Provided entries:
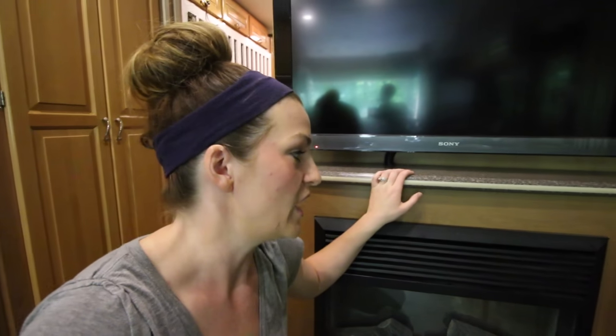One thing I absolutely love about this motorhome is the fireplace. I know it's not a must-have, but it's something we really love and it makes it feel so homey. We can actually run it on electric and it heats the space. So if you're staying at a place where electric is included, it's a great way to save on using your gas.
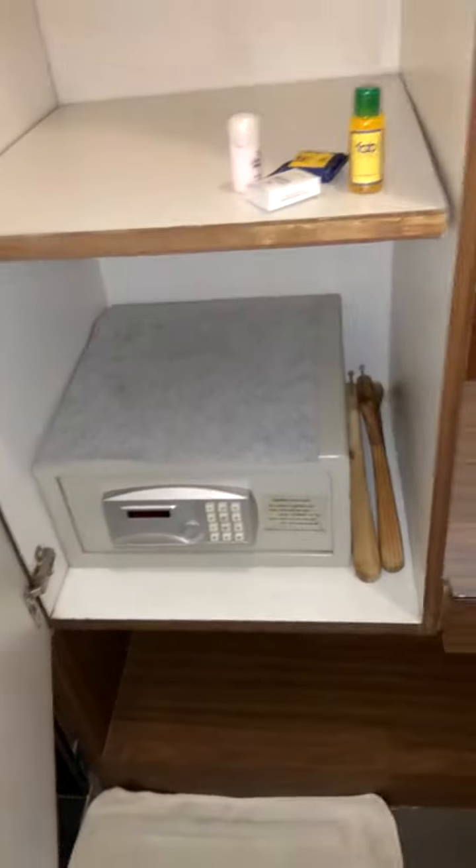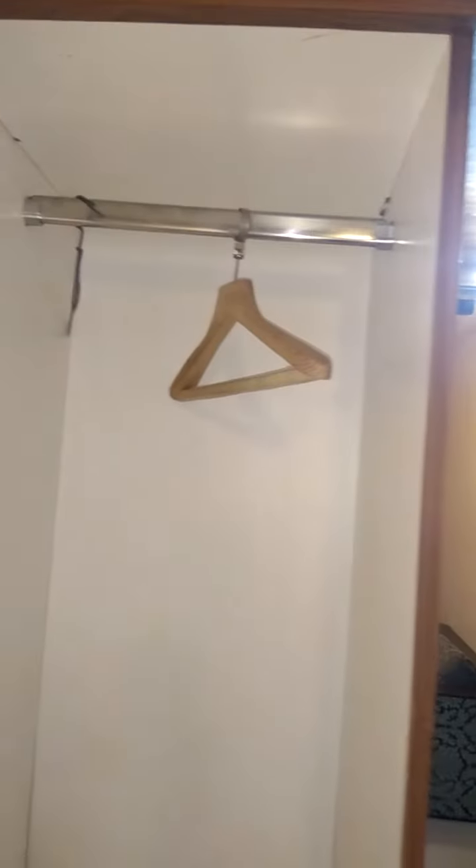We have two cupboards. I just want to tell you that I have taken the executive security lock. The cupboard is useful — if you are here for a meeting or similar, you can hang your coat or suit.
---
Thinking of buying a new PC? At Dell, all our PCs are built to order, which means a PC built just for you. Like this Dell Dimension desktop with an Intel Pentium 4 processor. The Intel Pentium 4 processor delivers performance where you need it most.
==
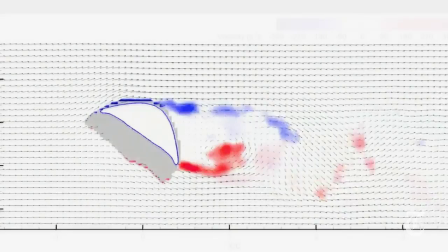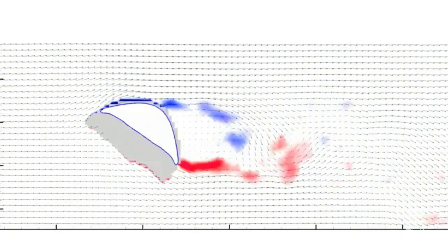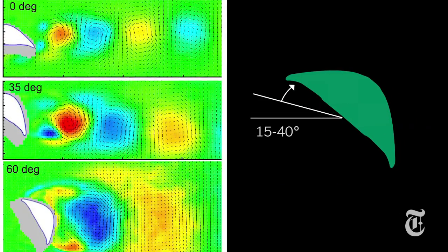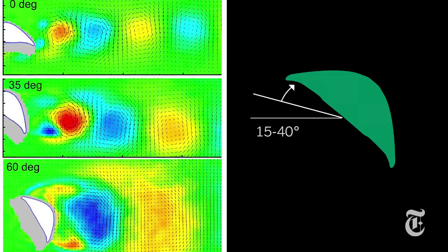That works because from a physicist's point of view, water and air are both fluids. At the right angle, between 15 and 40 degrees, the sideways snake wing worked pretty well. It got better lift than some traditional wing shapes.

Work instruction: Retype, exactly and with no pictures, everything above from the line with "One thing I" down to the line with "We have two", both included.

Result of the exercise:
One thing I absolutely love about this motorhome is the fireplace. I know it's not a must-have, but it's something we really love and it makes it feel so homey. We can actually run it on electric and it heats the space. So if you're staying at a place where electric is included, it's a great way to save on using your gas.
We have two cupboards. I just want to tell you that I have taken the executive security lock. The cupboard is useful — if you are here for a meeting or similar, you can hang your coat or suit.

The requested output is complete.